Through Lopate’s lens, I claim my place:
“The hallmark of the personal essay is its intimacy. The writer seems to be speaking directly into your ear, confiding everything from gossip to wisdom. Through sharing thoughts, memories, desires, complaints, and whimsies, the personal essayist sets up a relationship with the reader, a dialogue – as friendship, if you will, based on identification, understanding, testiness and companionship. At the core of the personal essay is the supposition that there is a certain unity to human experience.”
If I consider the full range of blogs that I write – and Justin too – I see these hallmarks of the personal essay. While I initially thought I would ‘hide’ behind formalities, increasingly, especially as I developed the full understanding and trust that I was writing regularly to you, our readers, I relaxed.

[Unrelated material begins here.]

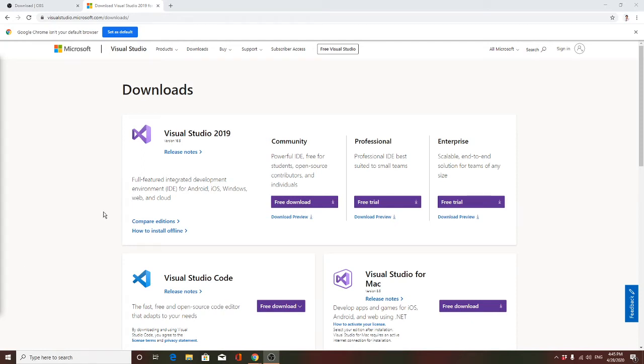Ms. Liu is going to teach you how to download Visual Studio 2019 Community for your C++ and your introduction programming class.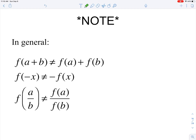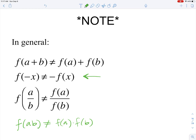A common mistake: if you're evaluating a function at a sum, it is not equal to the function evaluated at each part of the sum. In general, you can't pull a negative out of a function. And evaluating a function at a quotient is not equal to evaluating the numerator and denominator separately. Also, f(a·b) ≠ f(a)·f(b).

I have been, and am, prepared to unmask myself in the manner of which Lopate writes: “Part of our trust in good personal essayists, issues paradoxically, from the exposure of their own betrayals, uncertainties and self-mistrust.”
It is this very personal lack of certainty that in the past, given my upbringing as a woman in the 1950’s in the male centric town of Broken Hill, New South Wales, which would have resulted in me masking myself, and shrinking myself whenever I spoke or wrote. Fear of being judged as ‘wanting’ or ‘of limited intellect and scholarship,’ would have governed my actions and my writing and the outcome would have been of a different kind altogether – silence or inauthenticity.
Now, it is indeed through the writing of the blogs – the personal essays themselves – in which I find myself. Lopate quotes, O.B. Hardison, Jr’s definition: “The essay is the enactment of a process by which the soul realizes (sic) itself even as it is passing from day to day and from moment to moment.” The unfolding of my perceptions, my individual ‘takes’ on life, including the minutiae of the everyday, and my interpretation of its meaning, is my soul realising itself and I am being bold enough to offer my findings to you.
It was a joy to read such an eloquent unpacking of the personal essay form in Lopate’s introduction. It is worthy of standalone attention. I can’t wait to sample and learn from the essayists whom he has assembled in this generous volume.